Il ministro Gentiloni aveva detto: «Pagato un riscatto? Non mi risulta»

Il ministro Gentiloni aveva detto: «Pagato un riscatto? Non mi risulta»

Il governo ha sempre smentito. Il ministro degli Esteri Paolo Gentiloni era addirittura andato in Parlamento a rispondere alle interrogazioni sulle modalità della liberazione di Vanessa Marzullo e Greta Ramelli, prigioniere per sei mesi dei jihadisti siriani. «Siamo contrari al pagamento di riscatti - aveva detto -. L'Italia in tema di rapimenti si attiene a comportamenti condivisi a livello internazionale». Insomma, tutte illazioni. Peccato che a far cascare l'asino ci abbia pensato il presidente del Copasir, Giacomo Stucchi. «Contropartite ci sono sempre quando uno riesce a liberare ostaggi, ma non sempre sono di tipo economico», ha spiegato parlando a SkyTg24 , anche se sulla cifra di 12 milioni di dollari è scettico: «Mi sembra esagerata dal tipo d'informazioni che io ho. Se si fosse pagato quel riscatto, sarebbe inaccettabile». Forse i numeri non sono azzeccati, ma di sicuro l'Italia ha pagato, se non con denaro sonante, comunque con qualche formula concordata assieme ai terroristi. Lo stesso ministro Gentiloni, messo alle strette da Lilli Gruber in tv venerdì scorso, non era stato più così categorico sul riscatto. «Che io sappia, non c'è stato», aveva detto, come se lui non fosse informato. Be', se non lo sa il ministro degli Esteri, a chi dovremmo chiederlo?

Il presidente del Copasir ha espresso tutta la sua contrarietà a esaudire le richieste dei terroristi. «Se fossero stati dati soldi che poi potrebbero venire usati per comprare armi e creare danni alla sicurezza - ha aggiunto Stucchi - sarebbe stato sicuramente un errore, una scelta da non fare». Il senatore ha ricordato che i sequestri «spesso iniziano con due richieste: soldi o uno scambio di prigionieri e spesso finiscono né con l'una né con l'altra soluzione. Rispetto ai 12 milioni di euro ipotizzati, la cifra di solito è molto inferiore. Bisogna avere la consapevolezza che pagare è come un cane che si morde la coda e non va bene - ha sottolineato -. Se io faccio capire di essere disponibile a pagare, poi le persone in quelle aree diventano bancomat per terroristi».

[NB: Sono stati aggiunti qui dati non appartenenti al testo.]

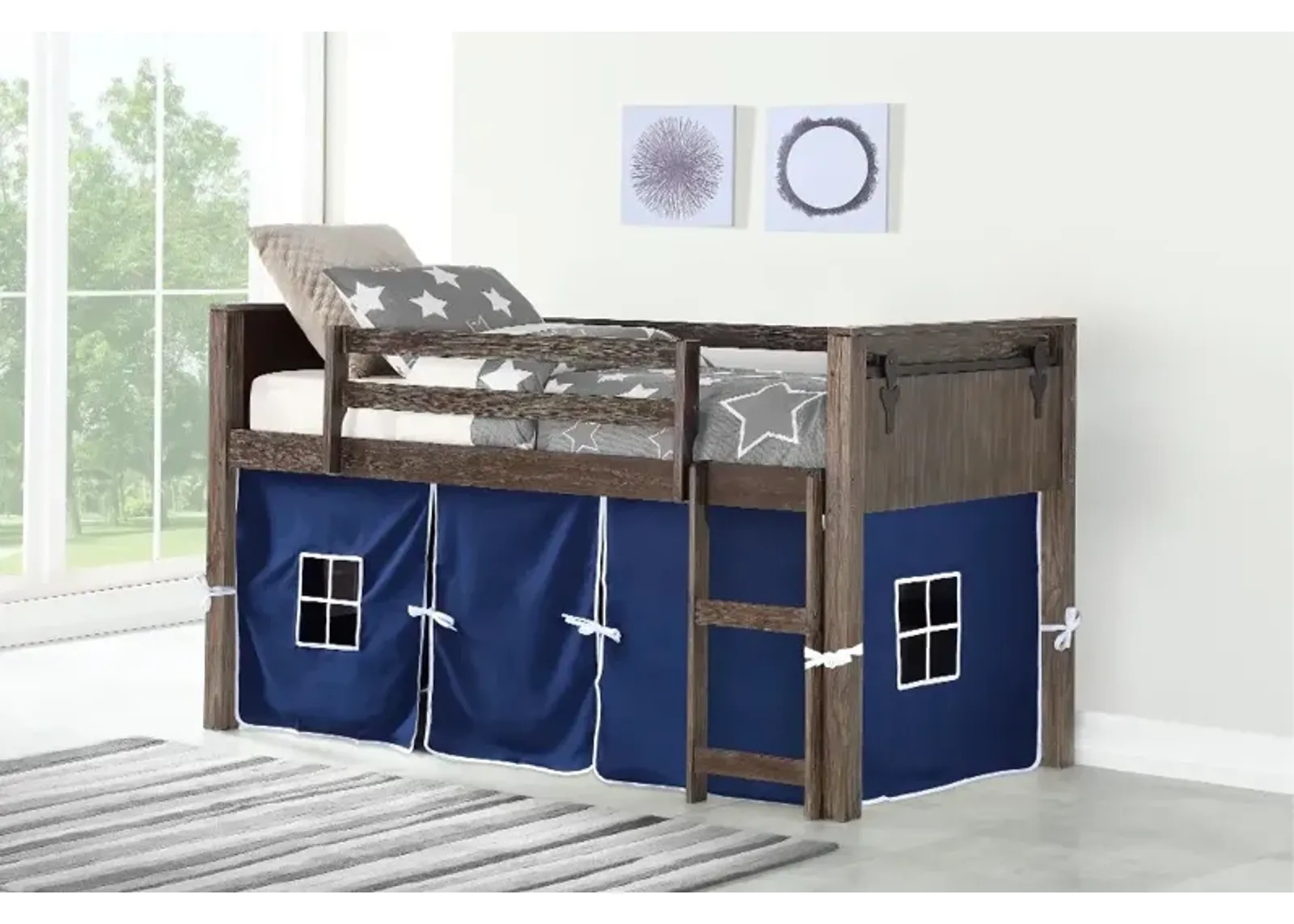 Brushed Brown Twin Loft Bed with Blue Tent - Barn Door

Insomma, la polemica è ancora aperta e non solo nel mondo politico. Ieri il Codacons ha presentato un esposto alla Corte dei Conti, nel quale si chiede ai giudici che «venga accertato se una qualunque fonte di finanziamento pubblico sia stato investito per riportare le due ragazze a casa e, in caso affermativo, di che importo trattasi». Nonostante abbia manifestato grande soddisfazione per la liberazione delle due ragazze, il Codacons ha sottolineato che «non si può non evidenziare come, di fondo, Greta e Vanessa, nonché l'associazione Rose di Damasco per cui lavoravano, abbiano potenzialmente esposto loro stesse e l'intero Stato italiano a una situazione di rischio e difficoltà coscientemente, con la loro volontaria presenza in un paese in cui imperversa la guerra civile e con una pesante presenza di terrorismo».

Sul fronte siriano, nel frattempo, c'è chi cerca di fare retromarcia sulla vicenda, come Iyad Khatib, attivista e sostenitore dei movimenti ribelli, che era stato il primo a diffondere la notizia sul pagamento di 12 milioni ai jihadisti.

«Quando ho diffuso la notizia, non ho detto che si trattava di un fatto accertato» ha spiegato Khatib, ritrattando di fatto tutte le precedenti affermazioni. «Mi ha parlato solo un esponente di Al Qaida contatto da me in Siria - ha aggiunto -. Non sono stato io a dare la notizia, ho solo ripreso delle voci».